- **Available data**
· · · · · · ·

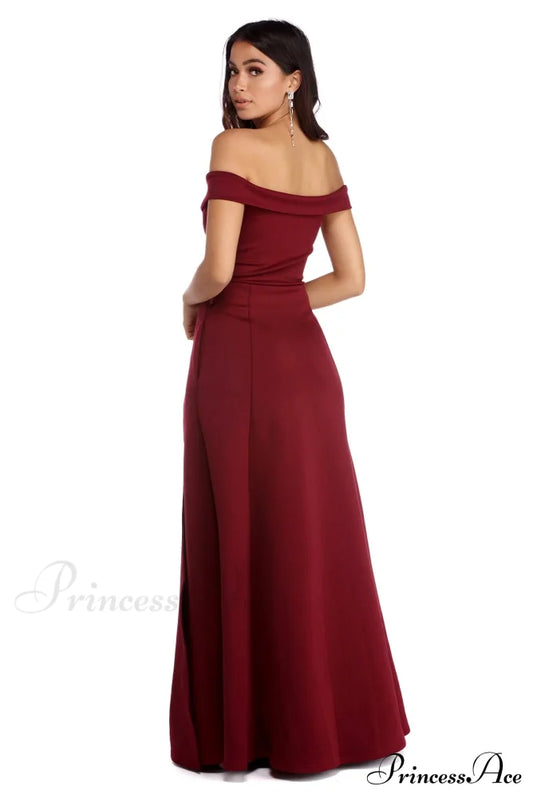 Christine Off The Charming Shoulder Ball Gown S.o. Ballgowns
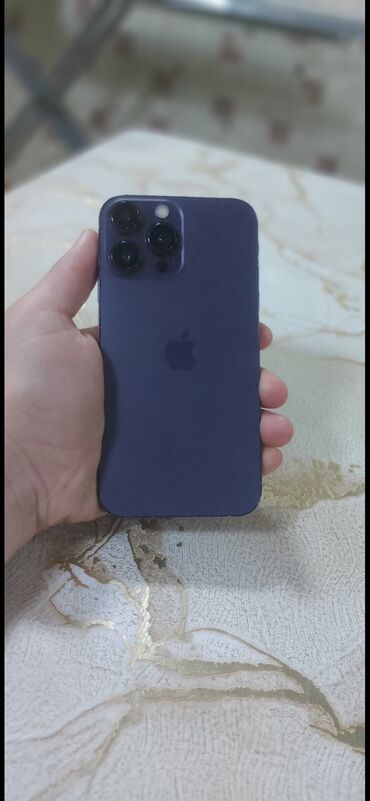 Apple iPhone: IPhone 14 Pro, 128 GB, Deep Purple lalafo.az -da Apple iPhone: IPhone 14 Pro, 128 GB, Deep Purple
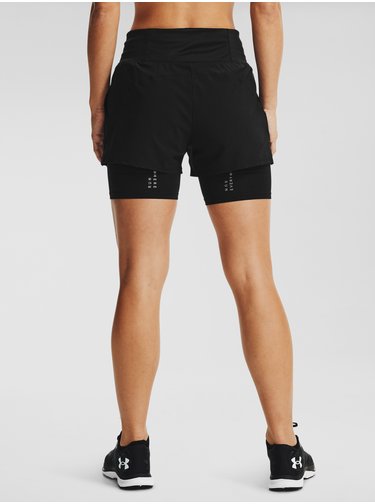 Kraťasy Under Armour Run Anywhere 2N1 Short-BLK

· · · · · · ·

- **Problem details**
Give back the listing exactly, with the pictures removed.

- **Written solution**
 Christine Off The Charming Shoulder Ball Gown S.o. Ballgowns
 Apple iPhone: IPhone 14 Pro, 128 GB, Deep Purple lalafo.az -da Apple iPhone: IPhone 14 Pro, 128 GB, Deep Purple
 Kraťasy Under Armour Run Anywhere 2N1 Short-BLK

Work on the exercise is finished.